HAMi as the Unified GPU Layer
DaoCloud adopted HAMi, a CNCF Sandbox project, for heterogeneous AI computing virtualization, as the unified GPU layer across both D.run and DCE. HAMi provides device virtualization, vGPU partitioning, and scheduling for heterogeneous accelerators in Kubernetes clusters.
D.run Compute Cloud: vGPU SKUs for Public GPU Users
On D.run, DaoCloud integrated HAMi into each regional Kubernetes cluster to enable fine-grained GPU sharing and higher utilization.
vGPU Slicing
Physical GPUs partitioned into multiple vGPU slices with defined compute and memory. Lightweight inference jobs can run on fractional GPUs.
SKU-based Marketplace
vGPU slices are exposed as standardized SKUs in a central marketplace. Users select GPU SKUs based on workload size.
Multi-region Deployment
HAMi powers 7 active D.run regions across Mainland China and Hong Kong, covering over 10 data centers.
Domestic Accelerator Support
DaoCloud extended HAMi to support domestic GPU vendors, ensuring consistent management under a unified abstraction layer.
DaoCloud Enterprise (DCE): Shared GPU Pool for Enterprise
On DCE, DaoCloud built a centralized GPU resource pool using HAMi, unifying GPU capacity for multiple enterprise tenants.
Unified GPU Pool
Enterprise users contribute and consume GPUs from a central pool that serves both training and inference workloads.
Quotas & RBAC
HAMi's vGPU resources are integrated with DaoCloud's existing quota and role-based access systems.
Simplified Experience
Algorithm engineers request GPU resources through the platform without worrying about underlying hardware differences.
Co-developing HAMi with the Community
DaoCloud has been one of HAMi's earliest and most active contributors.
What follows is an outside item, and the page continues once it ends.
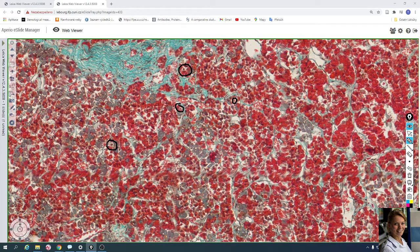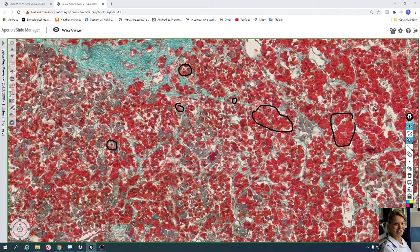Acidophilic cells in the modified trichrome appear reddish. Here is a group of acidophilic cells, and here are more acidophilic cells.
Contributed real-world insights from D.run and DCE back to the open-source community
Collaborated upstream to improve GPU over-subscription mechanisms, node configuration management, and heterogeneous hardware handling
Helped maintain documentation and deployment guides to support production adoption by other cloud providers
Significant Results: Cost Reduction and Improved Efficiency
By integrating HAMi, DaoCloud consolidated previously fragmented GPU resources into a more unified, efficient, and scalable GPU layer across both public and private clouds.
GPU Utilization
>80%
Average utilization per card after HAMi deployment
Cost Reduction
20-30%
Reduction in GPU-related operating costs
Unified Abstraction
Single Layer
Across NVIDIA and domestic GPUs
Deployment Scale
10,000+ GPUs
Across 10+ data centers
Multi-region
7 Regions
Active D.run regions across China
Open Collaboration
Active
Contributing improvements upstream
“HAMi is more than compatible with DaoCloud's business, it's something we've built together. As one of HAMi's earliest contributors, we've witnessed its evolution from inception to maturity. HAMi now runs across both D.run and DCE, and our real-world improvements continuously flow back to the community. HAMi and DaoCloud share the same open-source DNA, and we'll continue contributing to HAMi to bring true vGPU technology to the world.”
Open-Source Partnership Success
DaoCloud has successfully integrated HAMi across both its public and private GPU cloud platforms, achieving dramatic improvements in utilization and cost efficiency while contributing back to the open-source community.